M. Aymeri de Montesquiou attire l'attention de M. le ministre de l'agriculture, de l'alimentation, de la pêche, de la ruralité et de l'aménagement du territoire sur les pesanteurs administratives européennes unanimement dénoncées par les agriculteurs et le ministère, culminant avec l'interdiction d'épandre les engrais sur une période strictement définie au niveau européen qui rejoint ainsi le lot des absurdités technocratiques.

La date la plus propice à l'épandage ne peut être décidée que par les agriculteurs eux-mêmes en fonction de la date des semis, de la pluviométrie, de la somme des températures et surtout du développement de la céréale et en aucun cas par la Commission européenne. En cas de semis précoce, comme cela fut le cas à l'automne 2010 en raison de conditions climatiques idéales, il faut demander une dérogation à la préfecture pour épandre plus tôt les engrais azotés.

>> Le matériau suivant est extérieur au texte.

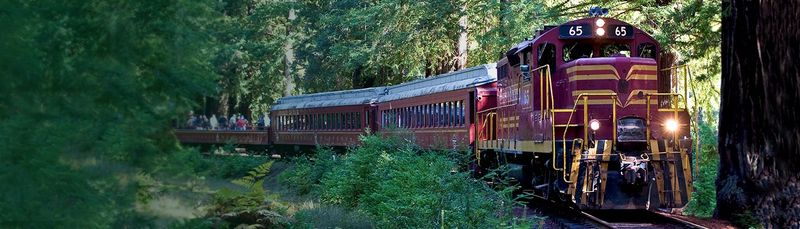 Redwood Adventure on the Skunk Train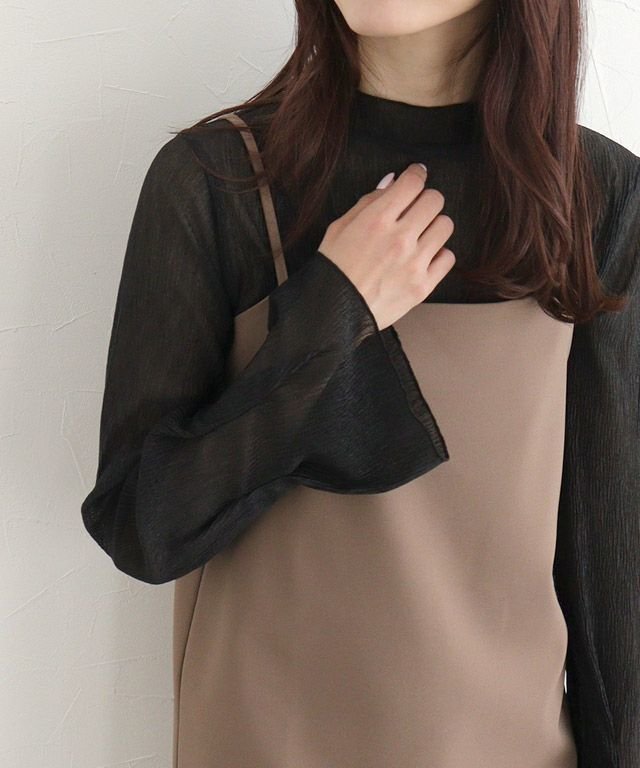 【ピエロ/Pierrot】のネックと柄が選べるフレアスリーブシアーカットソー インテリア・キッズ・メンズ・レディースファッション・服の通販 founy(ファニー) 　ファッション　Fashion　レディースファッション　Fashion for Women　トップス・カットソー　Cut & Sew Tops　カットソー・ベーシックTシャツ　Cut-and-Sewn Tops / Stretch Tees & Basics　シアー　Sheer, See-Through　ドット　Polka Dot, Dot Pattern　ハイネック　High Neck, Mock Neck　プチプライス・低価格　Affordable / Budget Price　ロング　Long, Long-Length　163cm / 楊柳 / ブラック / ハイネック / M|ID: prp329100004378422 ipo3291000000035623170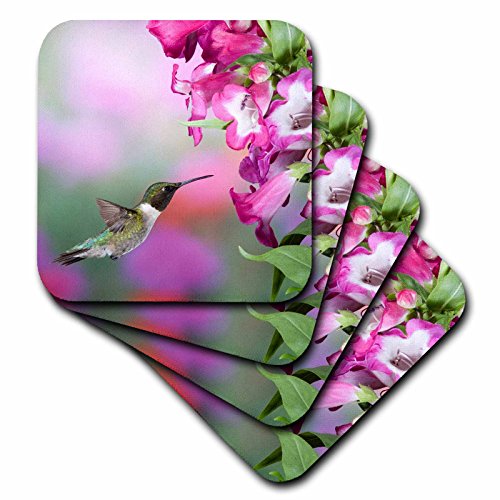 0888414934162 - 3DROSE CST_205784_1 RUBY-THROATED HUMMINGBIRD AT A PENSTEMON HYBRID, MARION CO IL SOFT COASTER (SET OF 4)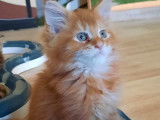 Vente d’un chaton mâle Maine Coon de couleur red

La date d'interdiction d'épandage jusqu'au 15 janvier ne tient aucun compte des paramètres naturels fluctuant d'une année sur l'autre, ni du conditionnement des produits (engrais solides ou liquides). Cette planification au 15 janvier peut même provoquer des pics de pollution.

L'agriculture est sans doute la profession qui a le plus évolué ces dernières années et qui s'est le mieux adaptée à une révolution technologique et de gestion. Un document sur la meilleure utilisation de tous les intrants pourrait être utile aux agriculteurs mais en aucun cas une réglementation communautaire stricte.

Il lui demande donc de bien vouloir lui faire connaître sa position sur les dates d'interdiction d'épandage des intrants.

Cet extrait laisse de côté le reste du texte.